### Exercise objective
Nothing outside the lines below from the one containing "Load image into" through the one containing "lot 1088 image: Summer" is to be printed; print those exactly, ends included, and drop the pictures.

### Information supplied
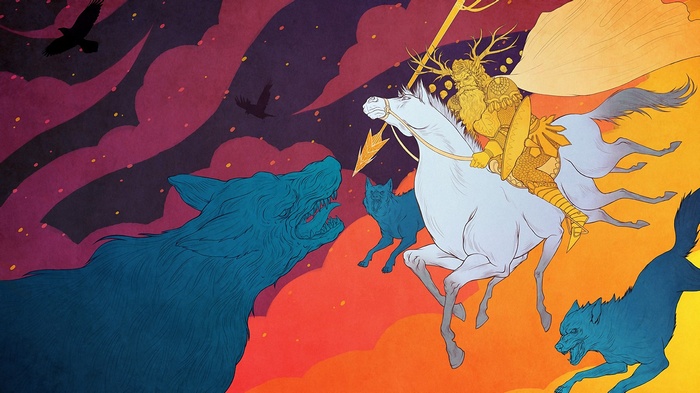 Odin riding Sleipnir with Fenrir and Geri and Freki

...

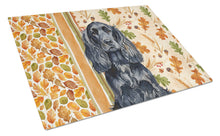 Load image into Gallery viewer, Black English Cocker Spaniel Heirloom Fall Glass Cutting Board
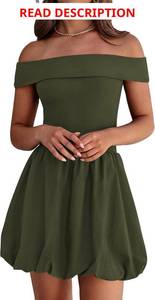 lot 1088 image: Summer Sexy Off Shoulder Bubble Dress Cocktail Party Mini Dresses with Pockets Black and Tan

### Result below
 Load image into Gallery viewer, Black English Cocker Spaniel Heirloom Fall Glass Cutting Board
 lot 1088 image: Summer Sexy Off Shoulder Bubble Dress Cocktail Party Mini Dresses with Pockets Black and Tan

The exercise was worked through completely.